Kafka and HPE NonStop – A Perfect Combo

INTRODUCTION

One of the best ways to modernize NonStop is to integrate its applications with other software, platforms, and cloud services. This interoperability is extremely important as it will extend the value of the NonStop applications, and underscore the flexibility of the platform in the enterprise. Over the past few years, one of the most popular tools that have been adopted by many corporations is Apache Kafka. To date, it has been reported that over 20,000 companies in the US alone are using Kafka for real-time stream processing, messaging, queueing, and other applications. Integration with Kafka will open NonStop to interoperate with many different platforms and applications.

The purpose of this article is to provide an overview of Kafka’s architecture and benefits and to show how uLinga for Kafka from Infrasoft can enable NonStop applications to interoperate with the Kafka ecosystem.

History

Kafka was originally developed at LinkedIn by Jay KrepsNeha Narkhede, and Jun RaoJay. The original project aimed to provide a unified, high-throughput, low-latency platform for handling real-time data feeds.  Kreps chose to name the software after the author Franz Kafka because it is “a system optimized for writing”, and he liked Kafka’s work. It was subsequently open-sourced in early 2011 and became a fully-fledged Apache project in October 2012. While Apache Kafka is an open-source project, enterprise support is backed up by Confluent, a company founded by the product’s original developers. The Confluent Platform is a complete Kafka distribution, with additional community and commercial enhanced features.

Kafka architecture

Kafka is a distributed publish-subscribe messaging system and a robust queue that can handle a high volume of data. Kafka messages are persisted on the disk and can be replicated to provide fault tolerance. It works very well for real-time streaming applications, as well as data distribution to other platforms.

Kafka supports low latency message delivery and gives a guarantee for fault tolerance in the presence of machine failures. Kafka is very fast, with the ability to support millions of messages/sec. Kafka persists all data to the disk, utilizing a very efficient transfer method to achieve a high throughput.

Kafka Terminology

Topic A category of message in Kafka. Analogous to a file or SQL table.
Partition A Topic can be stored in multiple partition units.

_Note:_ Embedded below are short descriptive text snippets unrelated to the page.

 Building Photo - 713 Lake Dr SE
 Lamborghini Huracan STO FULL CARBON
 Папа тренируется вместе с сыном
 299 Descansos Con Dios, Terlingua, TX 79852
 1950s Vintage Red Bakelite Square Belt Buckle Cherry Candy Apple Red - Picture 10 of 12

Analogous to a file or table partition.
Broker A server that houses one or more partitions.
Producer Clients or applications that publish messages to one or more Kafka Topics.
Consumer Applications that subscribe to one or more Topics and read the messages.
Kafka Cluster A Kafka cluster consists of one or more servers (Kafka brokers) running Kafka.

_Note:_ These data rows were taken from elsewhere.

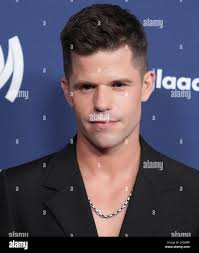 News carver hi-res stock photography and images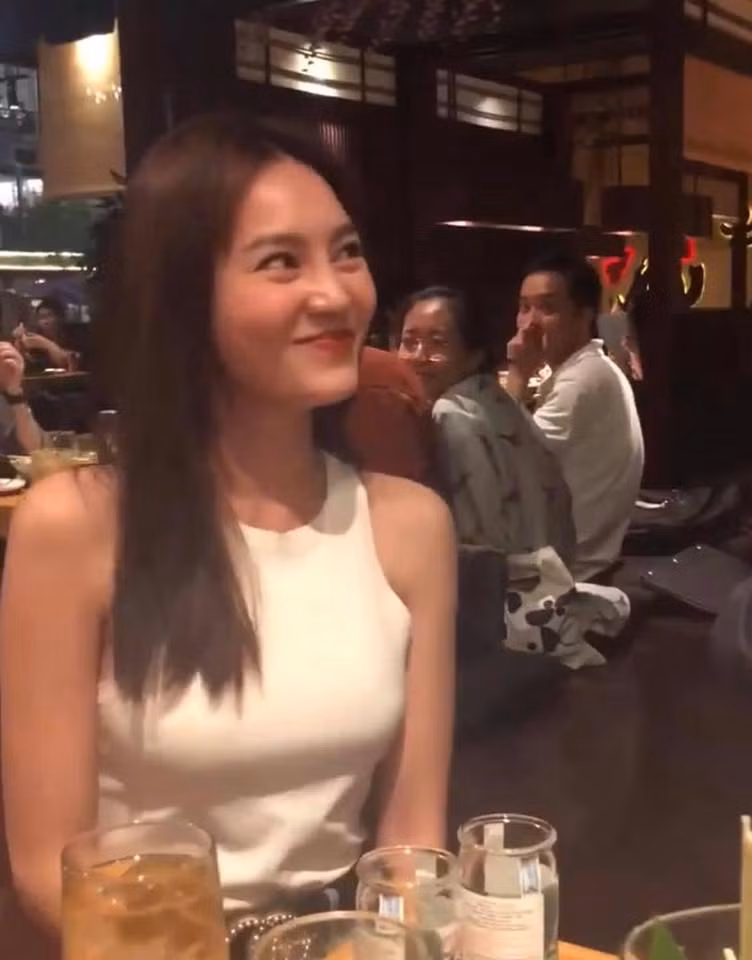 Chiếc mũi thẳng tưng như mọc từ trên trán xuống, Ninh Dương Lan Ngọc bị nghi mới dao kéo nên chưa vào form-1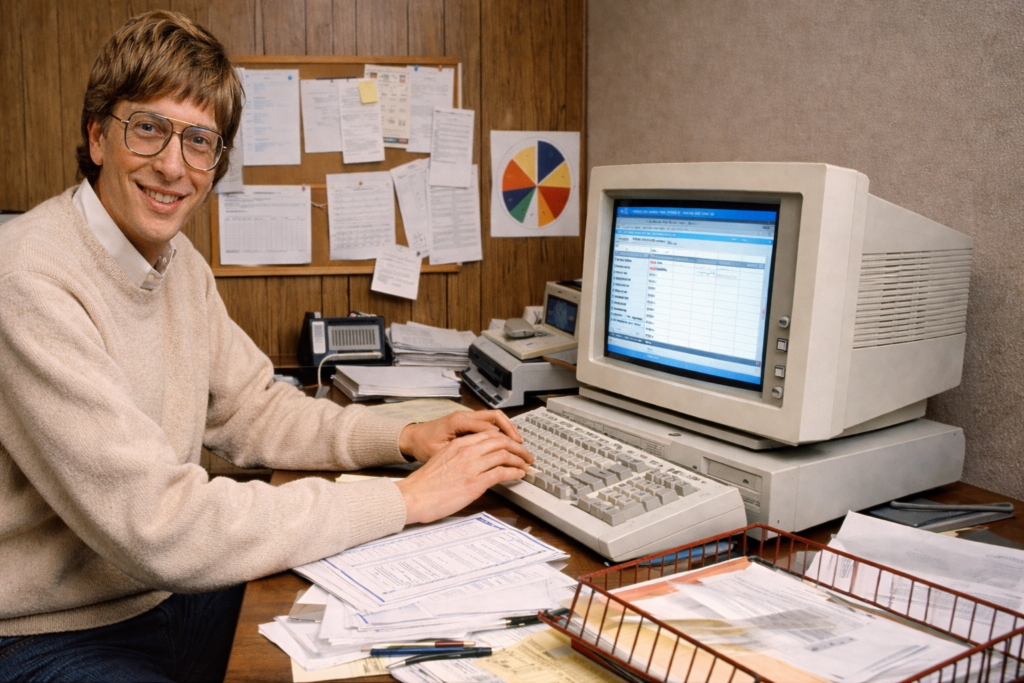 Bill Gates Biography in Hindi young Bill Gates using computer in early Microsoft office working on software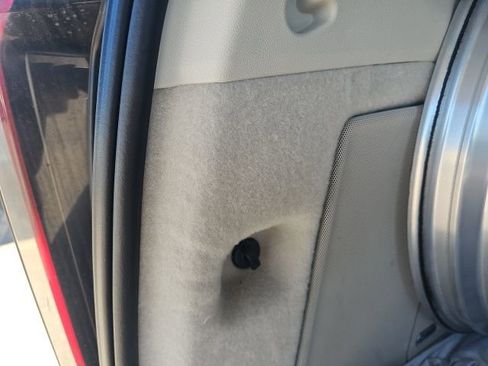 Used 2024 Cadillac Escalade ESV Premium Luxury Platinum image 7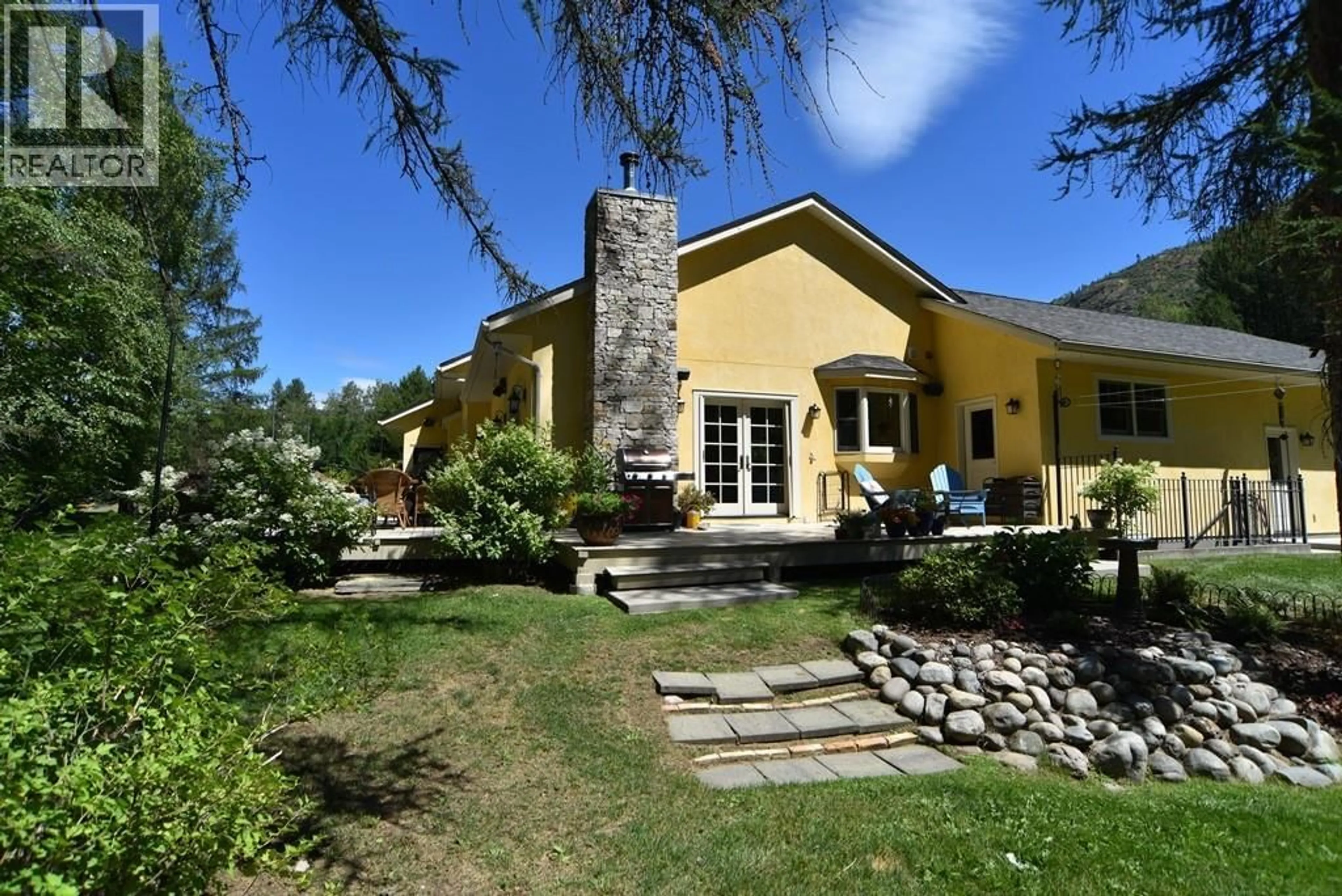 Patio, unknown for 9309 STATION ROAD, Trail British Columbia V1R4W6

Diagram Description automatically generated

Kafka has Producers which publish messages to a Topic, and Consumers which pull the Topic data as subscribers. You can partition a Topic across multiple Brokers to allow parallel production or consumption. This enables the load to be balanced across multiple partitions and brokers for higher performance. Similarly, a single broker can house one or more such partitions, allowing flexibility to balance workload. All messages written to Kafka are persisted on disk and can be replicated to multiple Brokers for fault tolerance. In addition, you can configure messages to be stored for a configurable period of time, for days or weeks, or longer.

Why use Kafka?

Here is an example of the challenges that an enterprise might encounter when trying to integrate data from different sources, including application logs, events, relational databases, OLTP transactions, CSV files, search systems, monitoring systems, OLAP stores, etc. Each of these needs data feeds in a distributed environment. The result is a total mess that is difficult to implement and impossible to manage.

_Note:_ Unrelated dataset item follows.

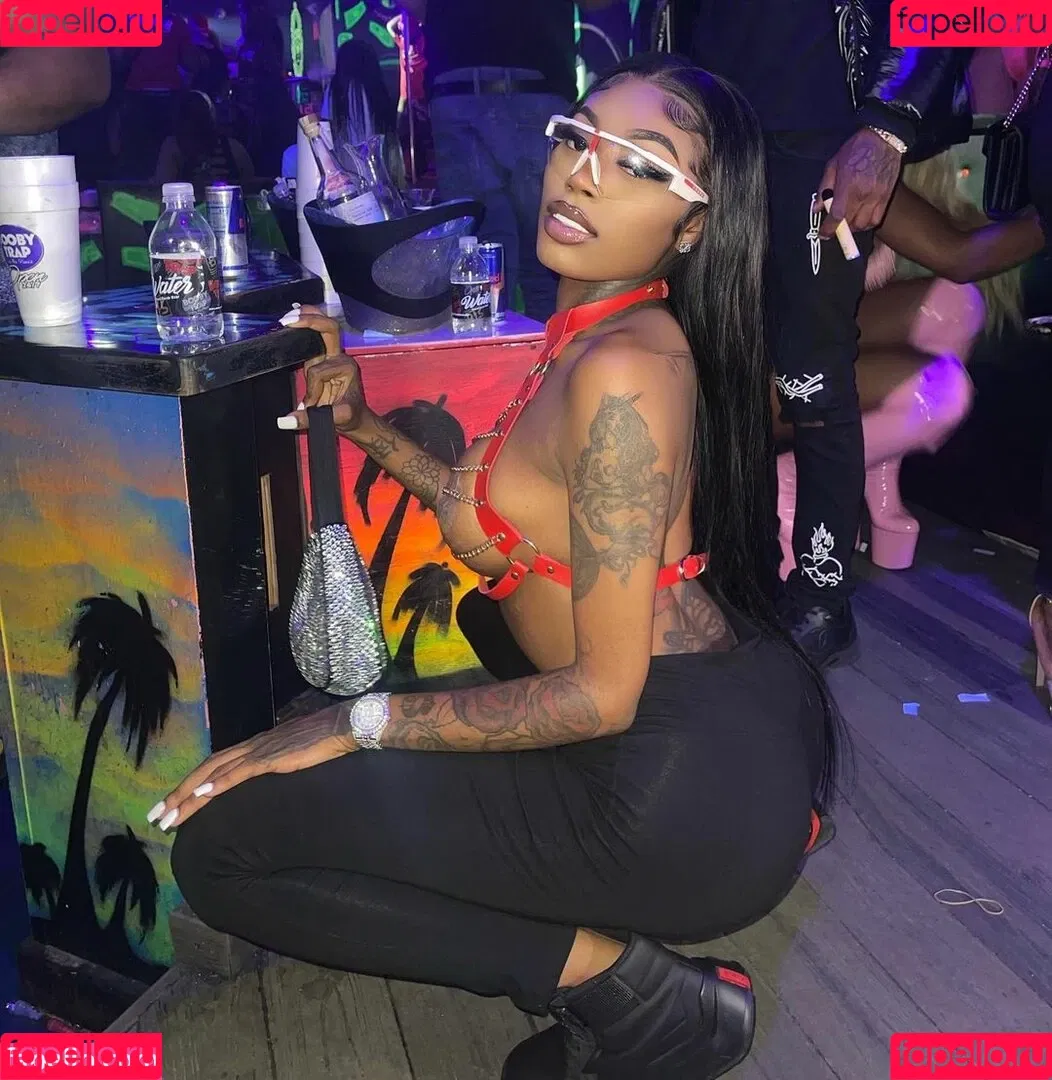 Leaks Nude Asian Doll Onlyfans Photo Gallery - Fapello.ru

Kafka solution: Publish once, consumed by many

Kafka solves this problem by acting as a kind of universal data connector. Each system can feed into this central pipeline (producer) or be fed by it (consumer). Applications or stream processors can tap into it to create new data streams, which then can be fed back into the various systems for serving. Continuous feeds of well-formed data act as a kind of standard across different systems, applications, and data repositories. The result is a high-performance architecture that is simple, scalable, and more manageable.

Diagram Description automatically generated

Kafka Benefit – High Performance

Kafka has high throughput for both publishing and subscribing messages, being able to support up to millions of messages/sec. Kafka takes advantage of multiple partitions to achieve parallel processing. Also, a Kafka consumer group is a group of consumers that can process the same Topic in parallel. This enables the record processing to be load-balanced over the consumer instances. This is similar to the high-performance architecture achieved on NonStop via the use of partitioned disks and application server classes scaled across multiple CPUs.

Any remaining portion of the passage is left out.